The Democratic filibuster of the vote to confirm judicial nominees is a story that I, admittedly, have not been following too closely. And this probably indicates a big victory for the Democrats, because if I haven’t been paying attention, then most voters haven’t been either. Today’s Sunday New York Times doesn’t even seem to have any articles about the filibuster.

An article published by the AP on Saturday, Democrats Rip GOP on Judicial Talkathon, was all I could find.

[California Senator Barbara] Boxer, delivering the Democrats' weekly radio address, said the Wednesday-Friday talkfest boiled down to a waste of time and money. She noted the expense of keeping lights burning and Senate staff and security on the payroll throughout the stint.

I don’t expect her to say anything good about the Republicans, but I should add that it takes two sides to hold a filibuster, not one. It’s the Democrats who are being obstructionist and taking advantage of rules of procedure to prevent a vote on the issue, so if anyone is to be blamed for the expenses of the filibuster, it should be the Democrats.

But Boxer said Republicans overlooked the fact that the Senate has confirmed 168 Bush nominees and blocked only six of "the most extreme" in their conservative views.

Another way of spinning that is that the overwhelming majority of Bush’s nominees didn’t offend the Democrats that much. But if filibustering is a dirty trick, then it doesn’t excuse the conduct if the dirty trick was only used on six appointees and not all 168.

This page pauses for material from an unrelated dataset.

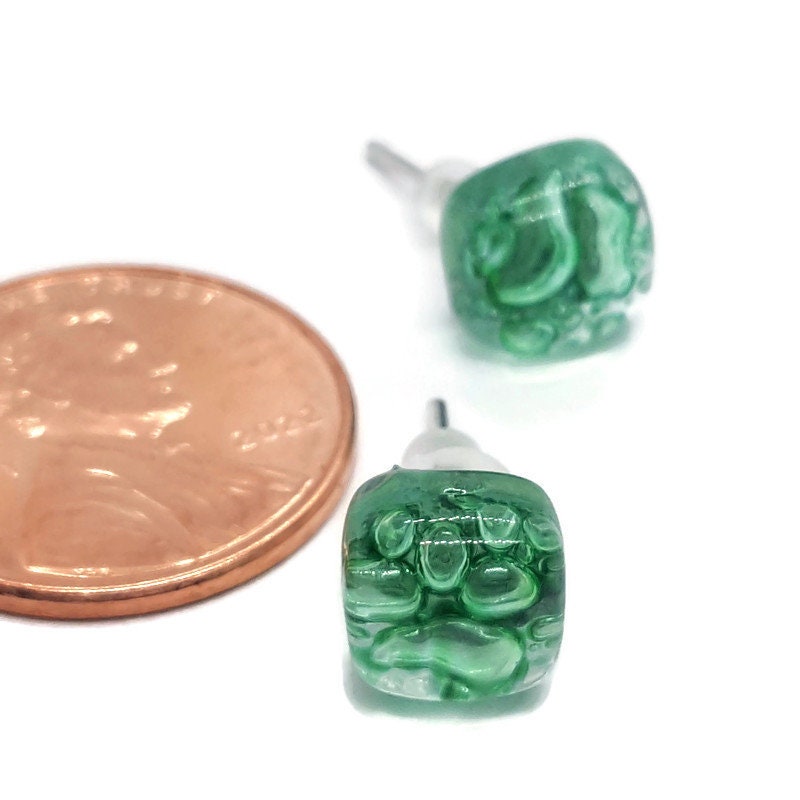 Small square post Earrings. Fun clear green color. Fused Glass Studs. Recycled Glass jewelry. Stud earrings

Furthermore, there is no definition of “extreme views.” It seems that the majority of our elected Senators would choose to confirm the nominations, so the views can’t be that “extreme”. Probably, these judges would allow state legislatures more authority in passing laws that Democrats don’t want to see passed. So the Democratic definition of “extreme” includes views endorsed by the majority of some state legislatures.

Boxer said Democrats would rather have used that time finishing work on a veterans bill, raising the minimum wage, completing highway and transit legislation that would create 800,000 jobs and passing a manufacturing-jobs bill.

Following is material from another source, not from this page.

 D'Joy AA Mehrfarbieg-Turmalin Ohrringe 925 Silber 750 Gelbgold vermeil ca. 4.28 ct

All they had to do was let the vote happen, and they could have done that. Although, if you ask me, we are often better off when Congress doesn’t pass any new legislation.

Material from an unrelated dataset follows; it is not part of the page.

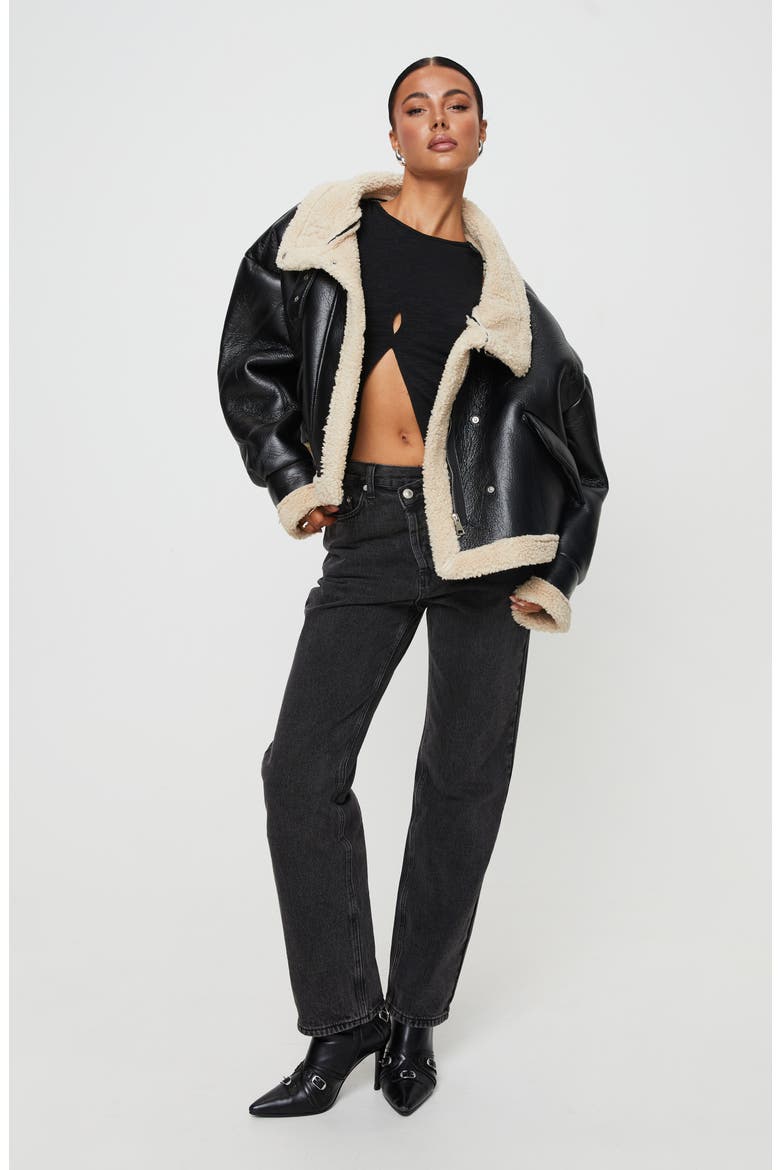 Kimmons Faux Shearling Jacket, Alternate, color, BLACK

The historical perspective: FDR’s Court packing scheme

This filibuster is certainly not the dirtiest trick ever used by Democrats when it comes to the federal courts. That honor would be long to the attempts by President Franklin D. Roosevelt to pack the Supreme Court in the 1930s.

That matter is part of American history that I assumed every educated American knew about, but I was sadly disappointed to discover that a co-worker in his twenties, with a graduate degree, had never heard of this chapter of American history.

The story behind the Court packing attempt is that the Supreme Court ruled that various New Deal legislation passed by Congress in the 1930s was unconstitutional because it violated the principle of enumerated powers. Article I Section 8 of the U.S. Constitution grants to Congress specific enumerated powers, and the Tenth Amendment states that “[t]he powers not delegated to the United States by the Constitution, nor prohibited by it to the States, are reserved to the States respectively, or to the people.”

FDR’s wished that the Constitution would grant Congress the power to do anything it wanted unless specifically prohibited by the Constitution. This was an interpretation that Alexander Hamilton himself warned against in Federalist Paper 84. He wrote:

I go further, and affirm that bills of rights, in the sense and to the extent in which they are contended for, are not only unnecessary in the proposed Constitution, but would even be dangerous. They would contain various exceptions to powers not granted; and, on this very account, would afford a colorable pretext to claim more than were granted. For why declare that things shall not be done which there is no power to do? Why, for instance, should it be said that the liberty of the press shall not be restrained, when no power is given by which restrictions may be imposed? I will not contend that such a provision would confer a regulating power; but it is evident that it would furnish, to men disposed to usurp, a plausible pretense for claiming that power.

What has come to pass is exactly what Hamilton presciently predicted. Although FDR was not successful in getting Congress to increase the number of justices on the Supreme Court, it is usually forgotten that FDR got to appoint eight justices to Supreme Court (on account of him holding office for four terms), and every single one of his appointees voted his way on the issue of Congressional powers.

U.S. legal history may have been very different had the Republicans used the same dirty tricks as the Democrats when it comes to federal judicial nominees.